When one day when it is completed, then it will be the time to re-do. But the specific angles & areas I want to accent with views worth waiting for the slow train. I remember riding that Silverton train up the steep parts, looking out the open gondola (with a roof) feeling a blast of sand in my face and hearing the wheels slipping while watching the set of 3 driving wheels. After watching this on video, and finally being there, I will be forever compelled to remember leaning forward to remain level while climbing those hills. More soon, thx for watching.


----------



## MaicoDoug (10 mo ago)

It looks like no combination of 15" radius track will fit into a 60" x 49" area to perform an "S" shape as shown in my hand drawing. Now if I had the software, ya ya ya. Flex track will need to be attempted to try 14 - 13" radius. The loco will need to be tested initially. Or, I will loose a whole lot of potential scenery. More soon.


----------



## MaicoDoug (10 mo ago)

I've put in Apx. 20 hours since the last post working on the layout & also becoming versed at cutting 2" purple foam. Working on some of the rock structures that will be part of the Silverton - Durango route. I've decided to run a 0 - 4 - 0 which is one of Rivarossi's more common steamers. When testing on some flex track bent down to a 14" radius, the 0 - 4 - 0 engine went right through at a foot / sec. Then the same test with a shortie ore car, 30 foot I think, also went well. I wanted to show this testing, but I believe you get the idea. Once I have more of these rock structures roughly in place, there will be more testing with newly laid track in place. I've discovered that "T" pins work great holding HO track in place for running engines and stock. A 6% grade will be attempted on the D/S mountain line. (A 6 inch rise in a length of 100 inches of linear track length). There are multiple places to employ the one leg trestle design. This style had to be the most temporary design (refer to that b/w picture) to lay track, albeit; narrow gauge. The mainline, will be a regulation prototype road. Just really, really old & isolated. I've been thinking 1880 to the early 1900s period. So with testing the slip, the big boy went through everytime, around the corner I mean. Need to test some lightweight stock and really see. 

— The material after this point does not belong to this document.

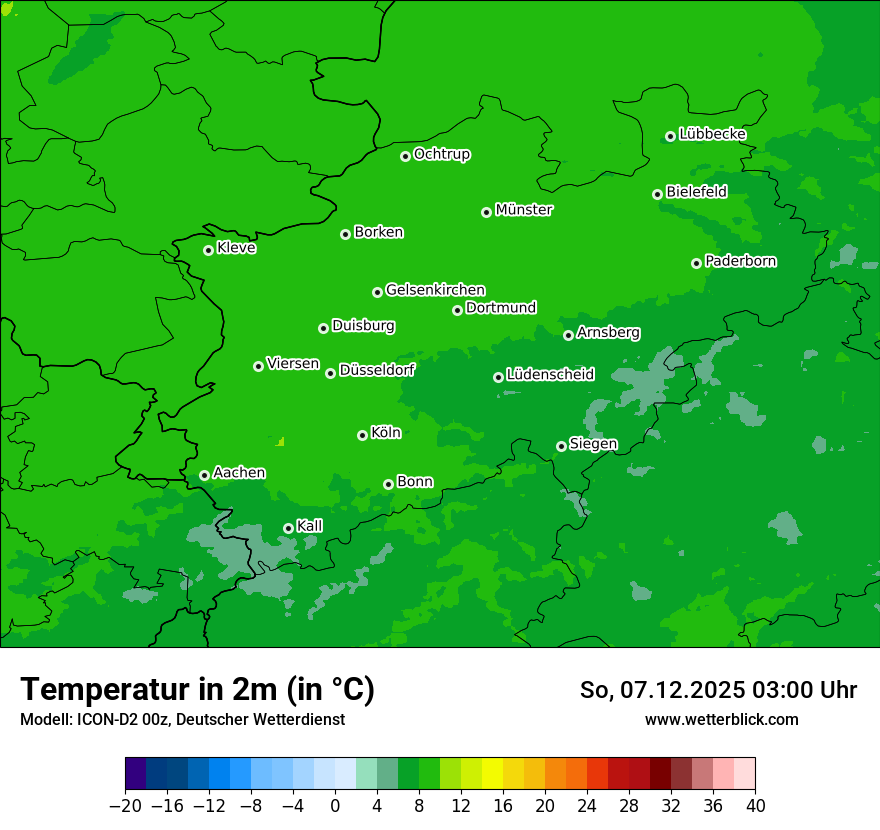 Modellkarten Temperatur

So far the foam is not so bad, not a whole lot of dust so far. Ask me when I start the sanding part. A long blade box type knife works well except when the blade fractures where it's indented. And the blades are not replaceable, or as so far I'm failing to figure it out. The foam cuttings are less of a debris problem when done by hand, just dangerous as heck. But alas.....I've found a 12 inch long sawzall blade that works great even at medium speed on a big 'ole Rayobe rechargeable sawzall. Around corners too. 3 inch radius. I'm learning. But I know my geology and I pray that I can do with my hands what I see with my eyes. About half of everything is marked out, & all of the track. 

More soon, w/ pics.
- Doug


----------



## MaicoDoug (10 mo ago)

From the foam machinist....










I of course had to employ the correct weight.



















Monochrome just fails to contrast, but that's what paint is for. Been putt'in a couple of hours each day. Working with 2 inch board only for right now. I found out one cool thing, if when attempting to make a cut, the 2" foam board when forced will "cleave" and leave some very interesting separation marks looking like the real deal. Look at the middle "slab" edge above. Flex track and a 0-4-0 steamer will be the saving grace in this design requiring tight turns with a radius of 14". Testing went well pulling some 32 foot hoppers with the flex track anchored with some T pins to the foam board, however installation of the actual track will afford reality. So time will tell.


----------